=== Begin Enclosure ===

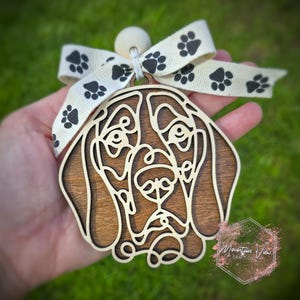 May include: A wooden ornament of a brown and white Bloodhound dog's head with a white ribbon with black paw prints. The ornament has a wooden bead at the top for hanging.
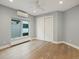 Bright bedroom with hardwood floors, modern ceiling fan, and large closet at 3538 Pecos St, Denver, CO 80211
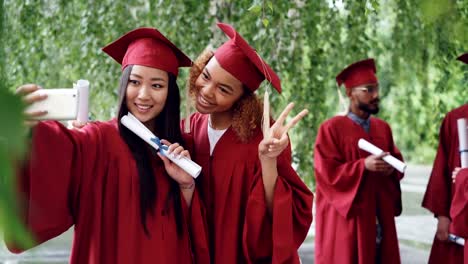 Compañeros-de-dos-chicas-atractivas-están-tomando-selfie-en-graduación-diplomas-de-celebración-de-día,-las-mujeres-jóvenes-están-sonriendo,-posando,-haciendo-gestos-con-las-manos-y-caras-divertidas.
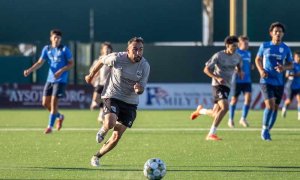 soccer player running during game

=== End Enclosure ===
=== Begin Enclosure ===

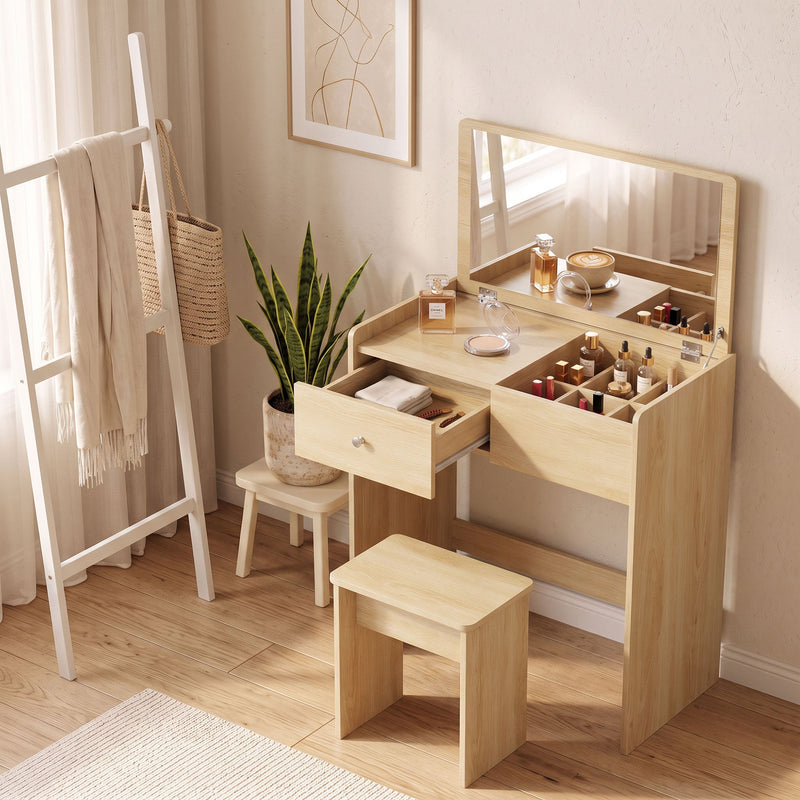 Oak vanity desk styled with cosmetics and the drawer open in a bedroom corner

=== End Enclosure ===

Using the data above, print only the lines starting at the one with "May include: A" and ending at the one with "Bright bedroom with", exactly as they stand, minus the pictures.

■ **EXPECTED ANSWER**
 May include: A wooden ornament of a brown and white Bloodhound dog's head with a white ribbon with black paw prints. The ornament has a wooden bead at the top for hanging.
 Bright bedroom with hardwood floors, modern ceiling fan, and large closet at 3538 Pecos St, Denver, CO 80211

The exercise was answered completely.